India's short-form video platforms see 3.6x surge in daily users: Report
India’s online commerce sector is set to skyrocket from $30 billion in 2020 to $300 billion by 2030, contributing to what is now being dubbed a $1 trillion digital consumer opportunity, according to a new report by Bessemer Venture Partners titled Click, Watch, Shop: The Consumer Opportunity in India. The report attributes this dramatic growth to a trifecta of tech adoption, evolving demographics and progressive policy changes, factors that have enabled the rise of consumer-first platforms and brands across sectors. Companies like Swiggy, Urban Company, Boldfit, and Vetic are just some of the new-age players capitalising on this momentum.

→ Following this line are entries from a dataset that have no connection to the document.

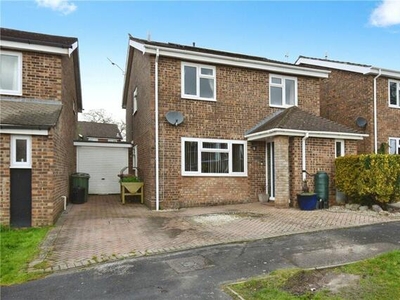 4 Bedroom Detached House For Sale In Rownhams, Southampton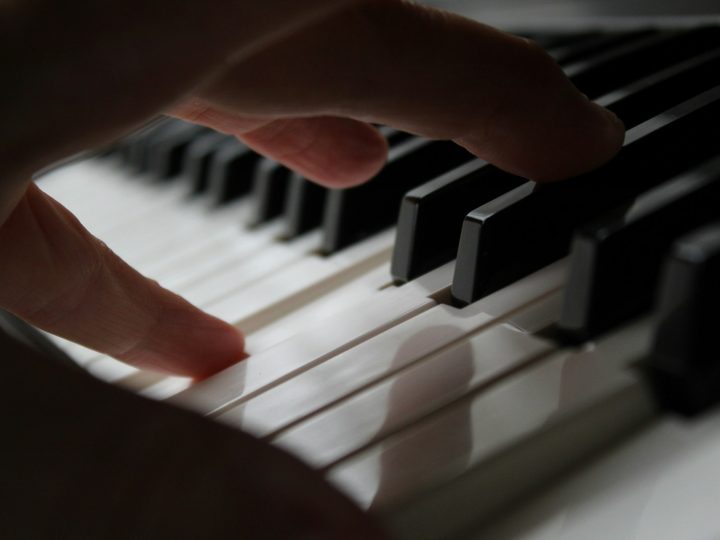 Lohjan menovinkit 10.2.2026: aamuvesitreeni, taidemaalausta, luistelua, yhteislaulua ja Rhapsody in Blue – 10 poimintaa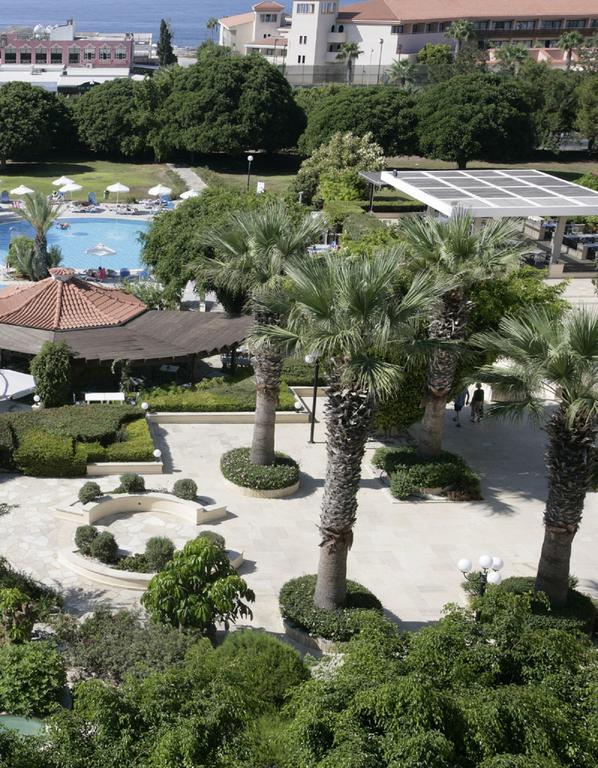 Avanti Hotel Paphos ภายนอก รูปภาพ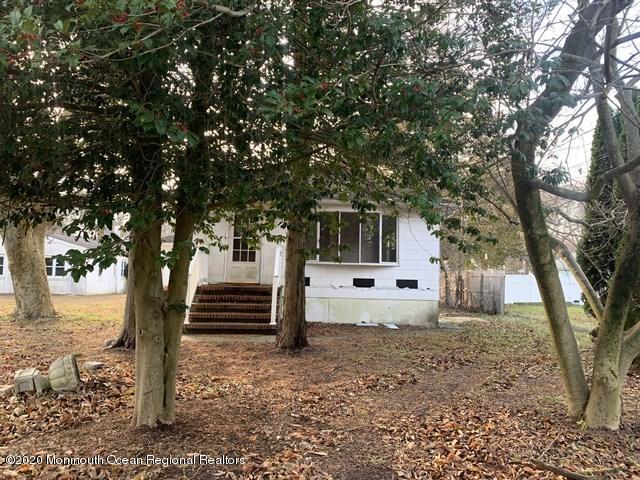 116 Oak Glen Road Howell, NJ 07731 - Photo 3 of 16 a view of a house with a yard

“India presents a $1 trillion digital opportunity. The emergence of multiple consumer marketplaces, platforms, and new-age brands in the past decade is a testament to the growing aspirations of an emergent India,” said Anant Vidur Puri, Partner, Bessemer Venture Partners. “This makes us exceptionally optimistic about the potential for many more consumer plays to emerge in the coming years.”

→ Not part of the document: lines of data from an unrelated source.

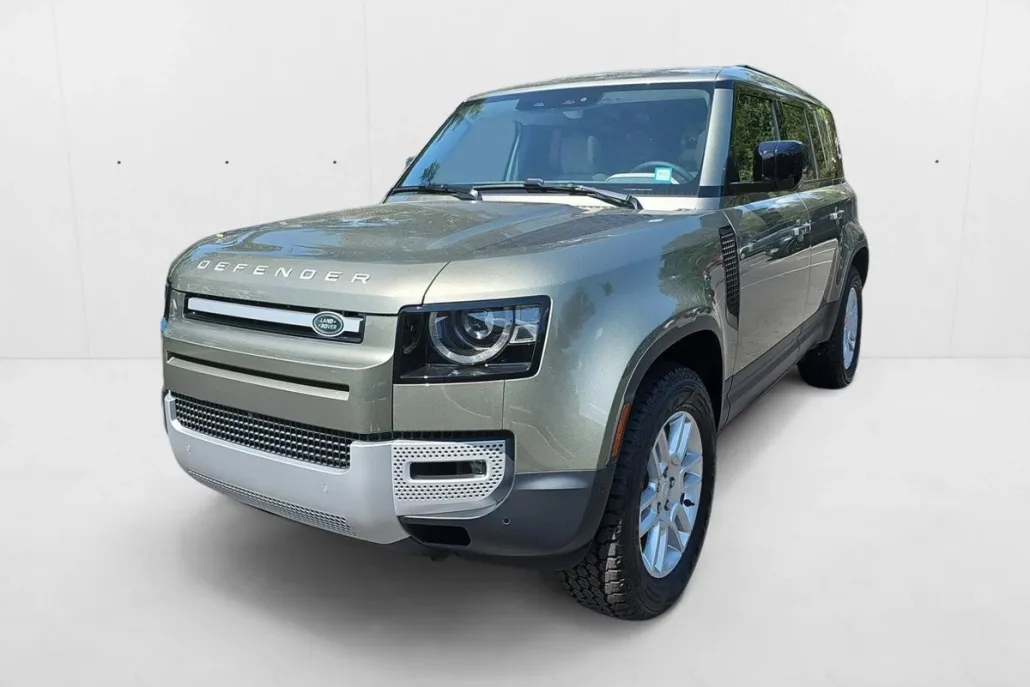 2024 Land Rover Defender 110 S photo 1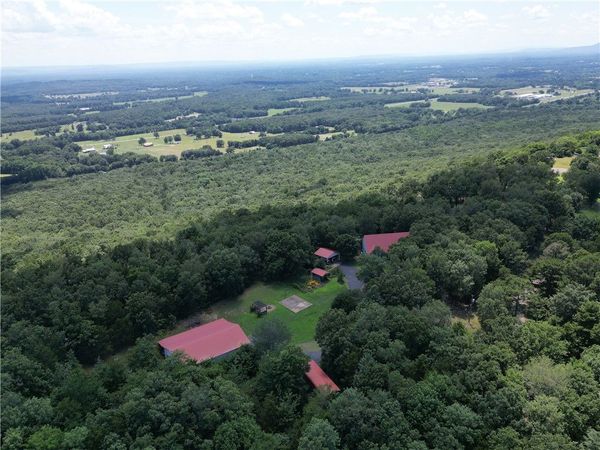 130 Giddieon Lane , Pottsville, AR 72858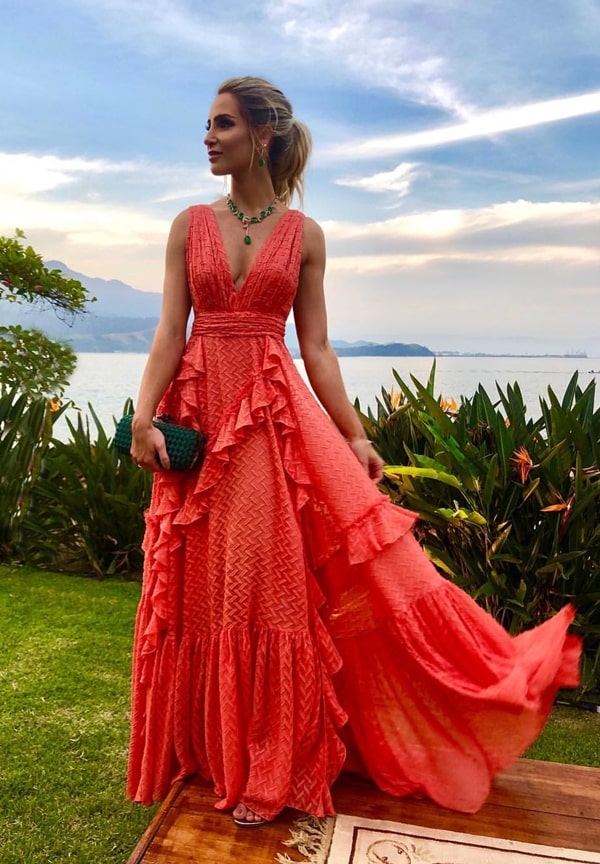 vestido longo coral para madrinha de casamento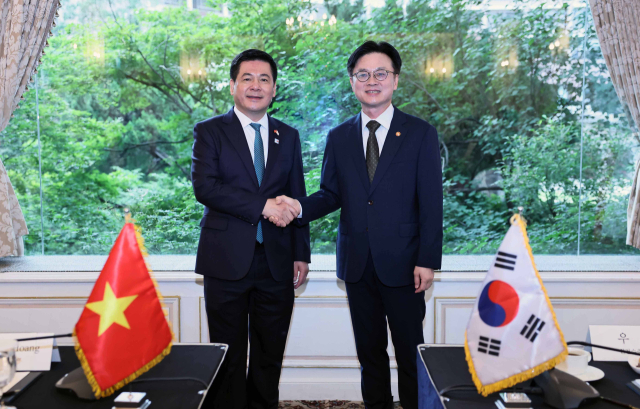 베트남과 재생에너지·원전 협력 MOU…핵심광물 ODA도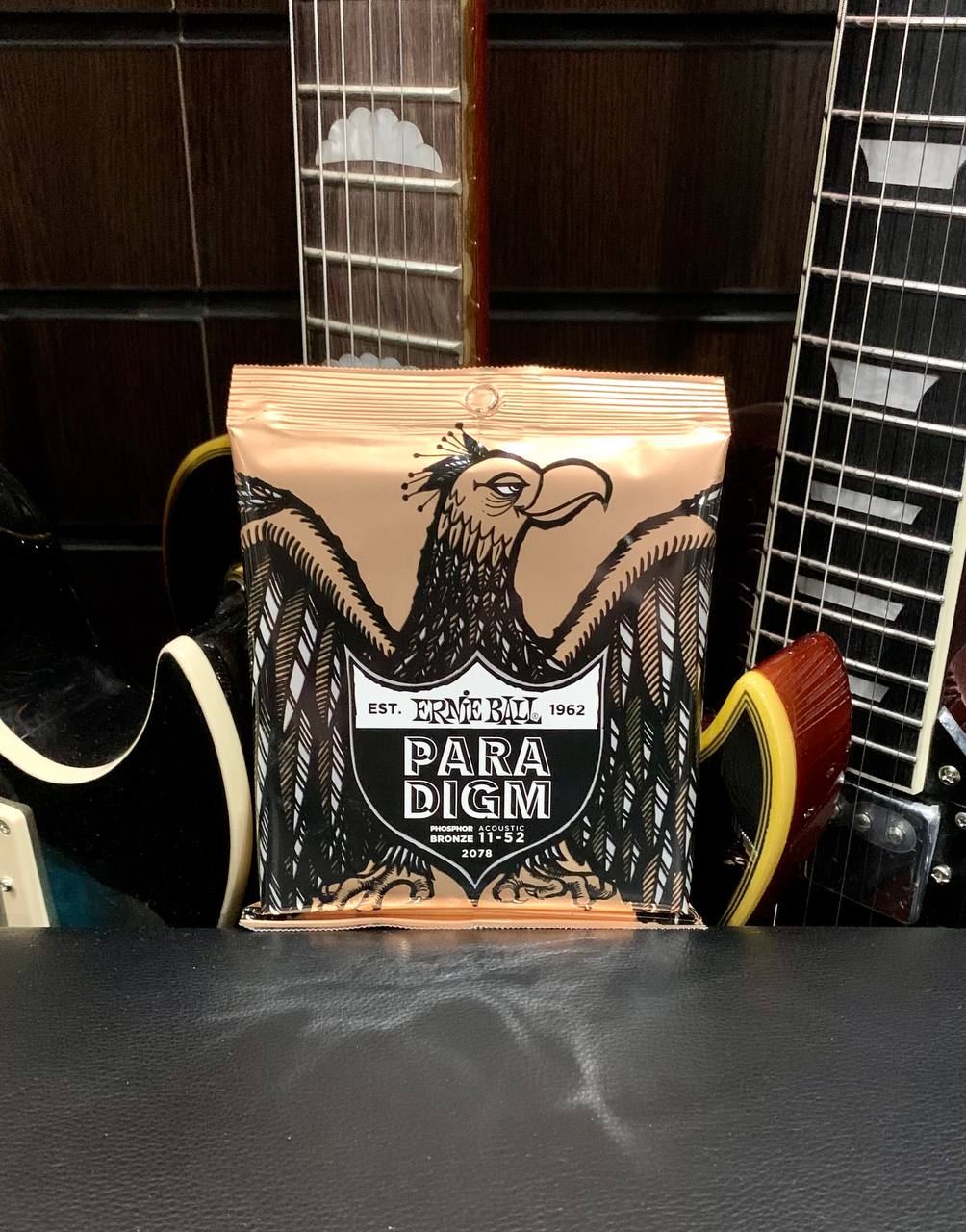 Струны для Акустической Гитары Ernie Ball 11-52 Paradigm Phosphor Bronze (USA)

At the heart of this transformation is online commerce. Once seen as a niche option for digitally savvy consumers, e-commerce has gone mainstream and is now reshaping consumption patterns across price points and geographies.
Quick commerce platforms like Zepto, Blinkit, BigBasket, and Swiggy Instamart have added an entirely new layer to India’s digital consumption story. A new trend is also emerging within this space, verticalised q-commerce, where startups like Snabbit, Swish and Slikk focus on niche, category-specific deliveries.
Meanwhile, D2C brands are increasingly targeting an aspirational “mass-premium” audience, offering quality, value and uniqueness across categories like health, fitness, food, personal finance and even pet care.
India is also undergoing a content revolution. In the past five years, short-form video platforms have witnessed a 3.6X surge in daily active users, positioning themselves as serious competitors to mainstream digital entertainment platforms. The report highlights that virtual tipping, UPI autopay, and frictionless micropayments are on track to become a $1.5 billion opportunity by 2029, enabling content creators and platforms to experiment with monetisation models beyond traditional ads.
Once considered discretionary, consumer spending in categories like fitness, mental health, and pet care is becoming mainstream. Health-focused food and beverages alone have grown from 11% to 16% of total F&B spends, as Indian consumers increasingly prioritise preventive wellness and nutrition.